The best record The Rolling Stones made in the last 20 years! Superb sound. Highly recommended. The CD sucks and the vinyl is rare and pricey but worth every penny.
By 1995 records like this were only released on import vinyl and typically went out of print soon after they began their descent down the pop charts. I used to review them and sell the better sounding ones back in the day. Supplies were extremely limited and unpredictable – these small pressing run ’90s albums went out of print without warning and almost never came back. Once they were gone they were rarely ever reissued, although Simply Vinyl took a crack at filling that gap, with mixed results as I’m sure you know.
All of those factors conspire to make the cost of acquiring the mintiest pressings from overseas fairly high, and of course this is the main reason you have never seen the album on our site before. Be that as it may, we have this copy available and it is not only wonderful sounding but the music is every bit as good as I remember it.
You may remember that a controversy raged in the audiophile press at the time about how awful the CD sounded compared to the vinyl. Turns out they had mastered the CD using some bad equipment, or a bad transfer of the tape, or some other such foolishness, and the result was that only us dinosaurs who had kept our turntables into the ’90s could actually stand to listen to the album.
What amazing sides such as these have to offer is not hard to hear:
- The biggest, most immediate staging in the largest acoustic space
- The most Tubey Magic, without which you have almost nothing. CDs give you clean and clear. Only the best vintage vinyl pressings offer the kind of Tubey Magic that was on the tapes even as late as 1995
- Tight, note-like, rich, full-bodied bass, with the correct amount of weight down low
- Natural tonality in the midrange — with all the instruments having the correct timbre
- Transparency and resolution, critical to hearing into the three-dimensional studio space
No doubt there’s more but we hope that should do for now. Playing the record is the only way to hear all of the qualities we discuss above, and playing the best pressings against a pile of other copies under rigorously controlled conditions is the only way to find a pressing that sounds as good as this one does.
What We Listen For on Stripped
- Energy for starters. What could be more important than the life of the music?
- Then: presence and immediacy. The vocals aren’t “back there” somewhere, lost in the mix. They’re front and center where any recording engineer worth his salt would put them.
- The Big Sound comes next — wall to wall, lots of depth, huge space, three-dimensionality, all that sort of thing.
- Then transient information — fast, clear, sharp attacks, not the smear and thickness so common to these LPs.
- Tight punchy bass — which ties in with good transient information, also the issue of frequency extension further down.
- Next: transparency — the quality that allows you to hear deep into the soundfield, showing you the space and air around all the instruments.
- Extend the top and bottom and voila, you have The Real Thing — an honest to goodness Hot Stamper.
Vinyl Condition
Mint Minus Minus and maybe a bit better is about as quiet as any vintage pressing will play, and since only the right vintage pressings have any hope of sounding good on this album, that will most often be the playing condition of the copies we sell. (The copies that are even a bit noisier get listed on the site are seriously reduced prices or traded back in to the local record stores we shop at.)

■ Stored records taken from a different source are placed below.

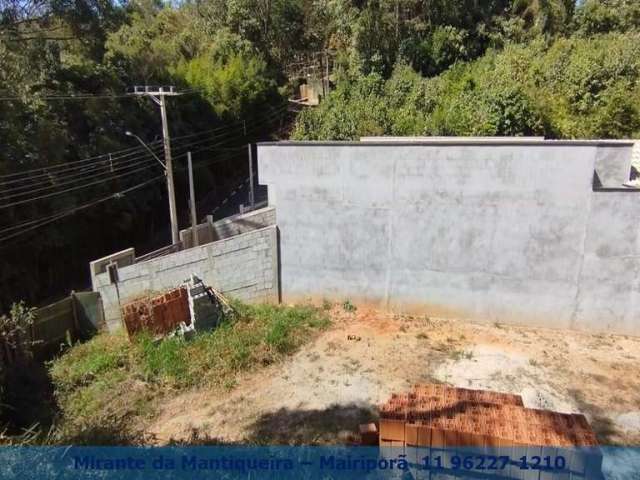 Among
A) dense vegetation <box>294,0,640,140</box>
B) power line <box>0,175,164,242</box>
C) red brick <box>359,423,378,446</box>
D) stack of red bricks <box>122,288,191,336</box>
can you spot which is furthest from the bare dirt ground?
dense vegetation <box>294,0,640,140</box>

Those of you looking for quiet vinyl will have to settle for the sound of other pressings and Heavy Vinyl reissues, purchased elsewhere of course as we have no interest in selling records that don’t have the vintage analog magic of these wonderful originals.
If you want to make the trade-off between bad sound and quiet surfaces with whatever Heavy Vinyl pressing might be available, well, that’s certainly your prerogative, but we can’t imagine losing what’s good about this music — the size, the energy, the presence, the clarity, the weight — just to hear it with less background noise.